## Assigned task
Every line below is to be set down again exactly; any image stays out.

## Data section

------------

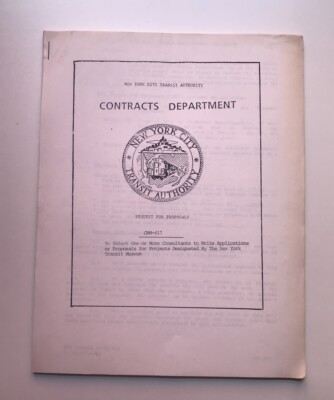 VTG Rare MTA NYC Transit CONTRACTS DEPARTMENT REQUEST FOR PROPOSALS CMM-617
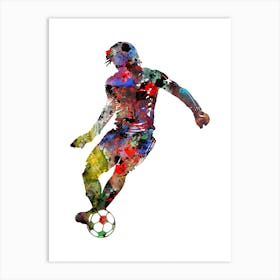 Male Soccer Player Watercolor Football Art Print
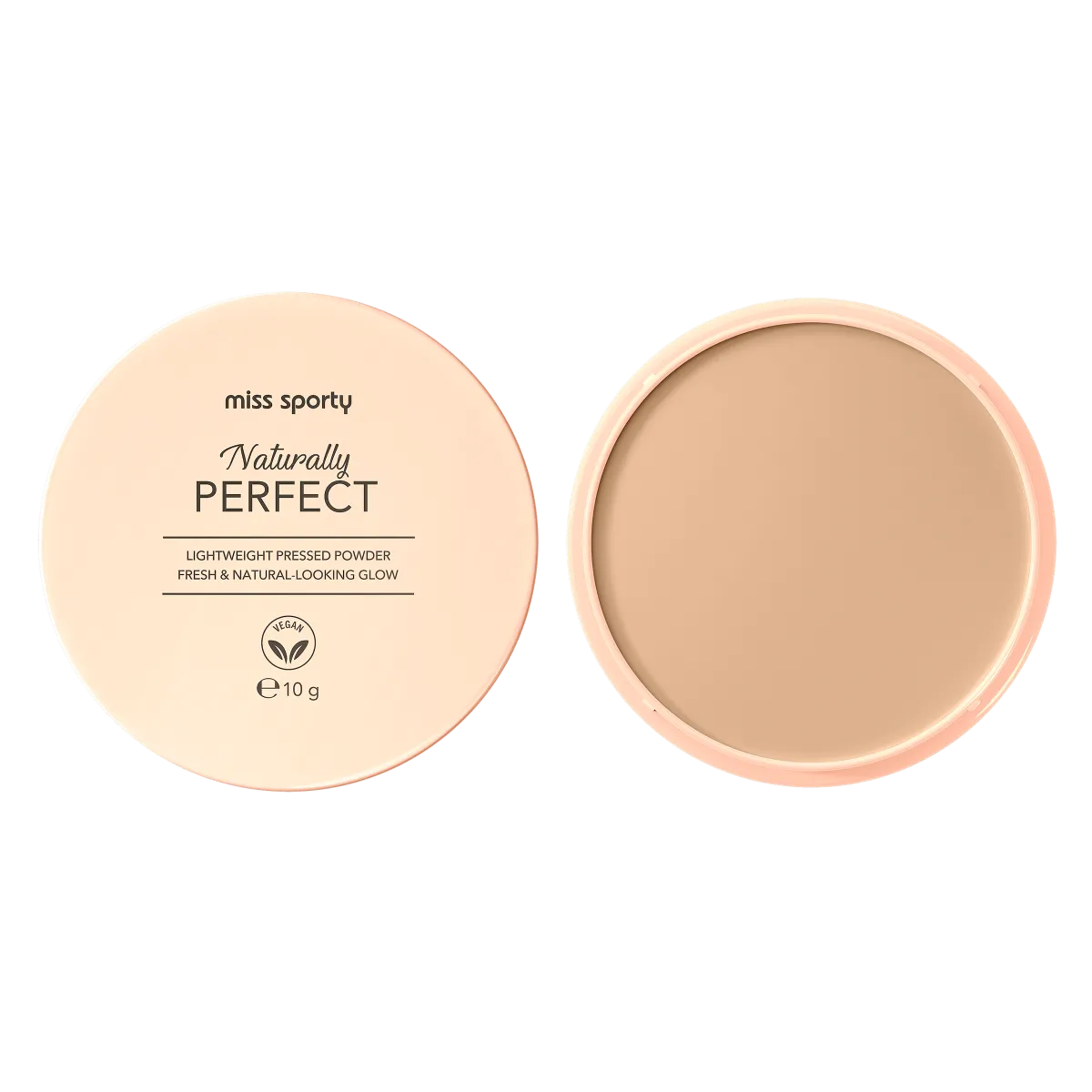 Miss Sporty Naturally Perfect Wegański puder prasowany nr 002 Light, 10 g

------------

## Answer box
 VTG Rare MTA NYC Transit CONTRACTS DEPARTMENT REQUEST FOR PROPOSALS CMM-617
 Male Soccer Player Watercolor Football Art Print
 Miss Sporty Naturally Perfect Wegański puder prasowany nr 002 Light, 10 g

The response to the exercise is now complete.